Et même si l’on gage que la somme à verser aux passeurs est dissuasive, certains ont leur propre technique pour faire la traversée à moindre coût. Akong*, un jeune soudanais, présent autour de la station nous révèle que le voyage sera gratuit pour lui : il sait naviguer en mer. Un savoir-faire rare dont profitent les passeurs.
Des associations démunies
« Ils essaient toujours d’entrer au Royaume-Uni par camion ou par chemin de fer, mais c’est de plus en plus difficile car il y a plus de clôtures, plus de surveillance avec des caméras, des drones, etc. C’est toujours un problème pour certains migrants, mais maintenant la majorité essaie en bateau, car c’est ainsi que ça fonctionne le mieux. C’est de plus en plus dangereux », confie Pierres Roques, coordinateur de l’Auberge des migrants, une association locale qui vient en aide aux personnes en exil.
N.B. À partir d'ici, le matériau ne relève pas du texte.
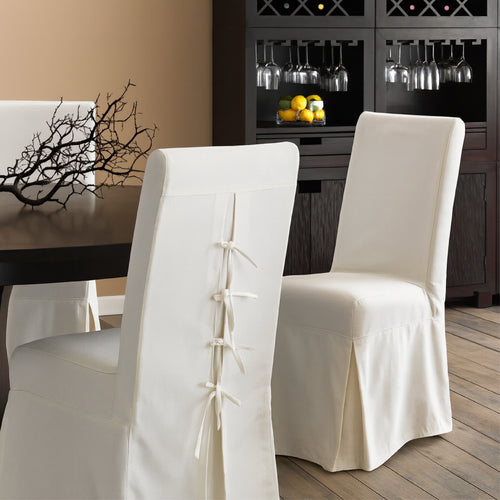 White dining chairs with bow detail down the back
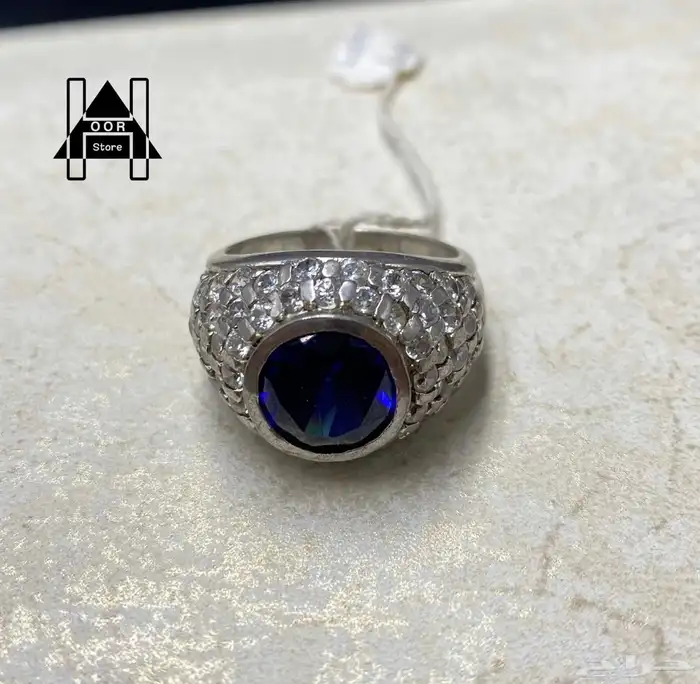 خاتم فضة راقي وفخم عيار 925 وبفص ياقوت أزرق ومرصع بزركون 0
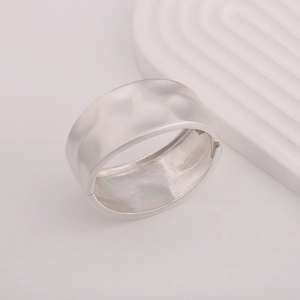 Detail of silver matte cuff bracelet with textured hammered surface and side hinge closure
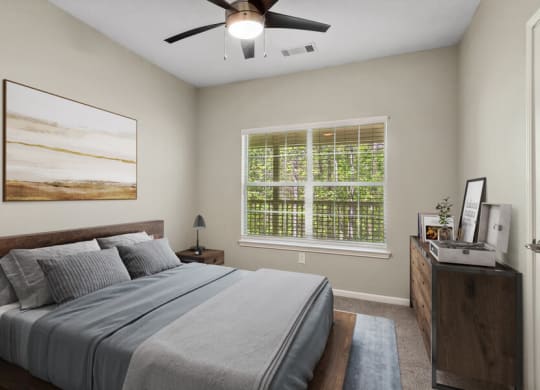 Model apartment bedroom with a bed and a ceiling fan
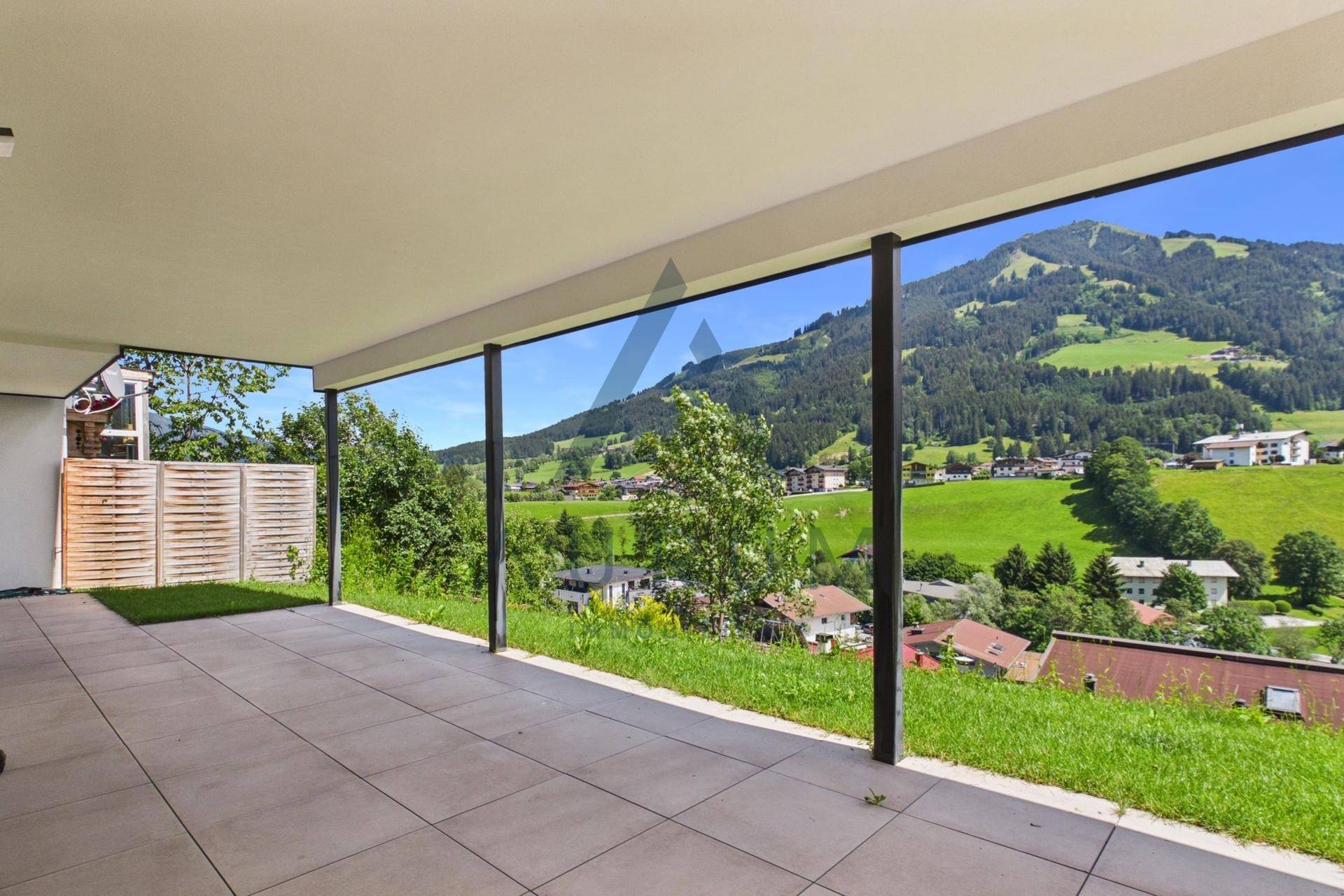Große, geflieste Terrasse im Erdgeschoss mit weitem Blick auf die grüne Landschaft.
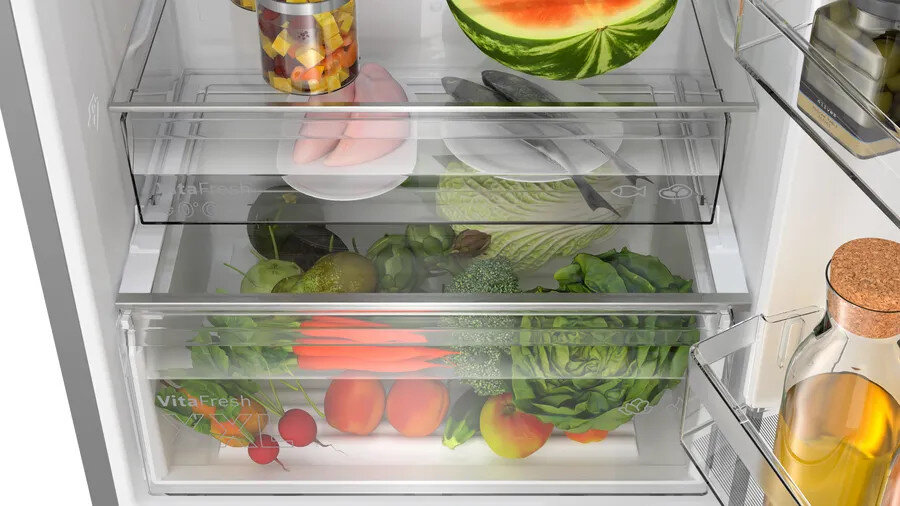 Wnętrze lodówki z szufladami. Widoczne owoce, warzywa, pikle i butelki z sokiem.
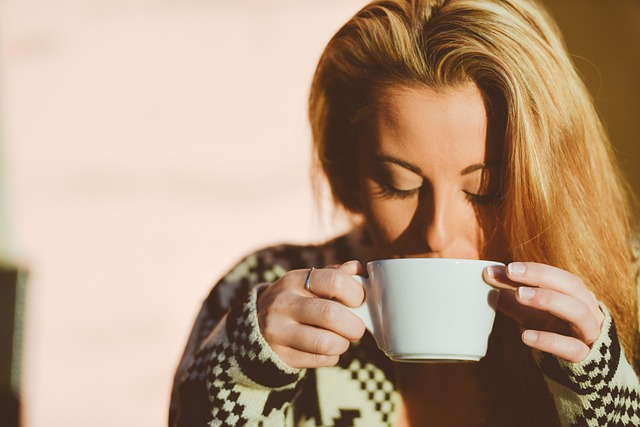 woman drinking a cup of coffee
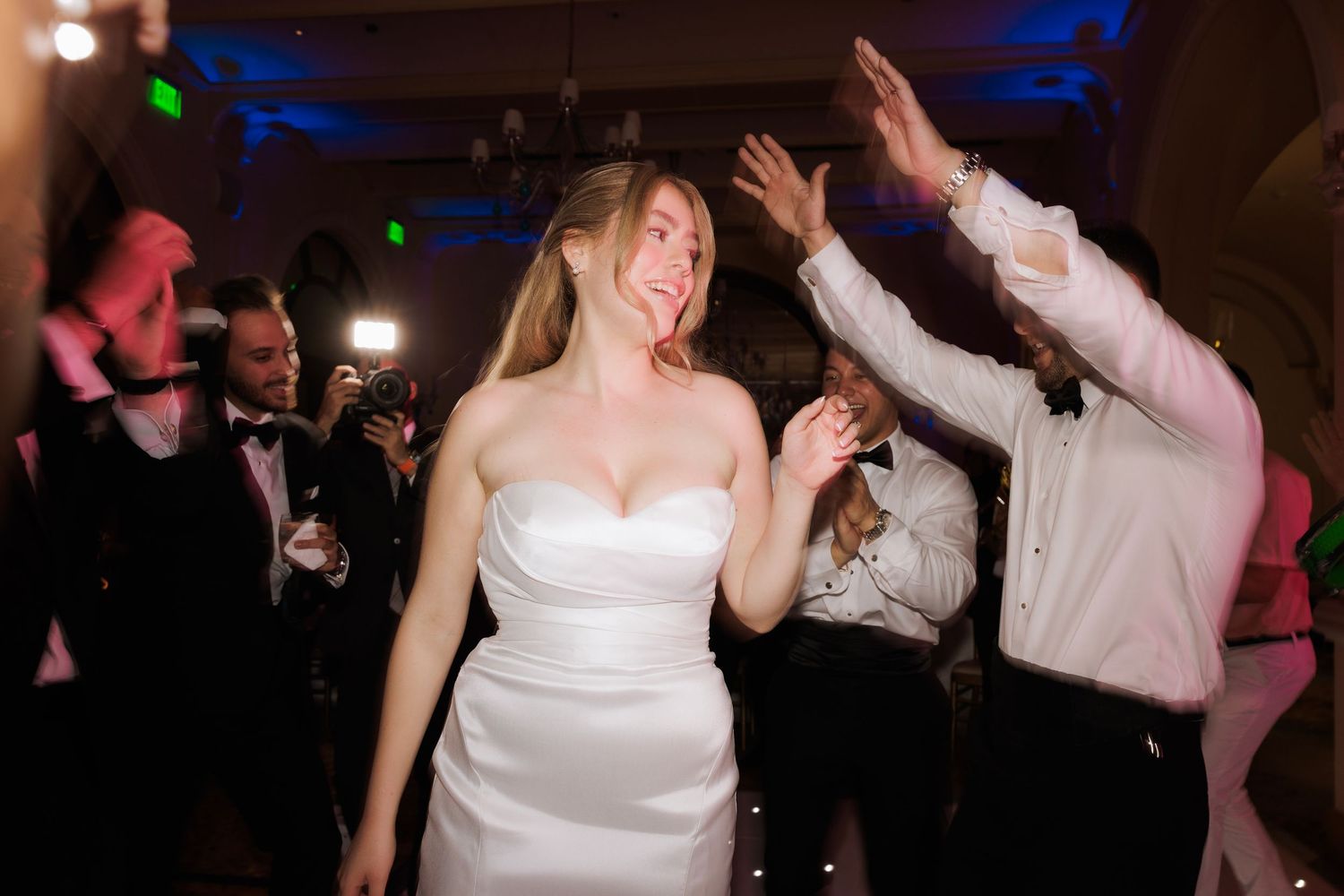 Dance floor at wedding reception with blue lighting and guests celebrating.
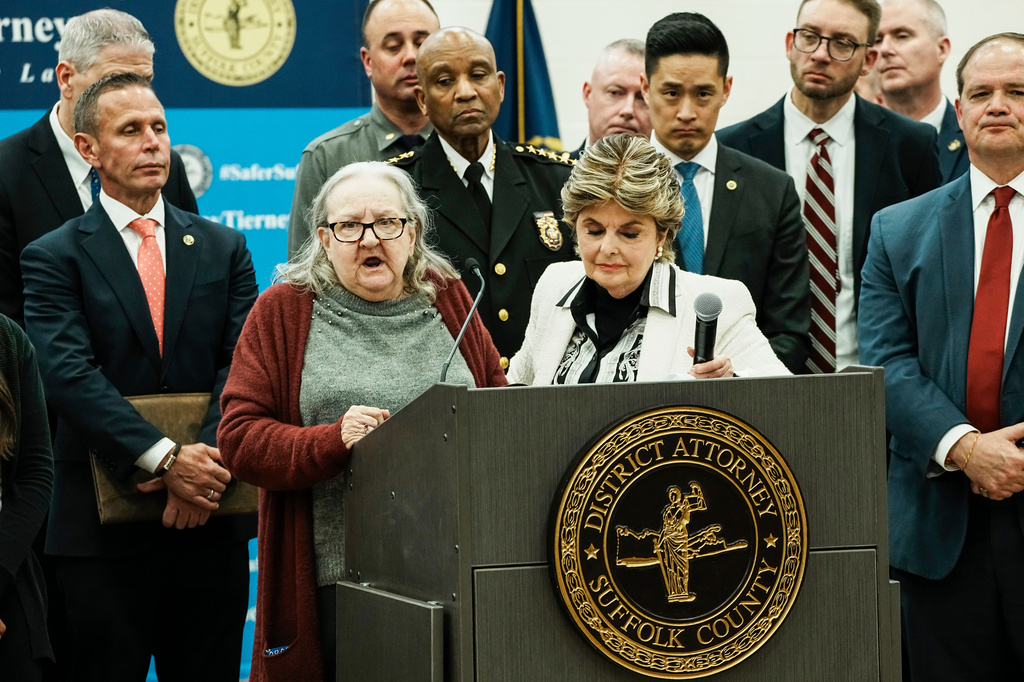 Elizabeth Baczkiel, mother of victim Jessica Taylor, speaks during a news conference after Rex Heuermann, accused in Long Island's Gilgo Beach serial killings, pleaded guilty on Wednesday, April 8, 2026, at Suffolk County Police Academy Gymnasium in Brentwood, N.Y. At center right is attorney Gloria Allred. (AP Photo/Eduardo Munoz Alvarez)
Au milieu de ce chaos, les associations sont les seules à intervenir, apportant soutiens psychologique et matériel. Andrea, qui est bénévole depuis cinq ans, témoigne de l’évolution de la situation. « Ils ont seulement besoin d’un moyen sûr de demander l’asile. Ils croient tous qu’ils vont faire beaucoup mieux au Royaume-Uni. Je ne suis pas à leur place, je ne sais pas, mais ils croient que c’est l’ultime chance pour eux d’avoir une vie meilleure ».
Loin de s’apaiser, la situation à Calais semble s’enliser dans la crise et ce, depuis des décennies. Les associations et les riverains se disent épuisés alors que le gouvernement de son côté peine à trouver des solutions.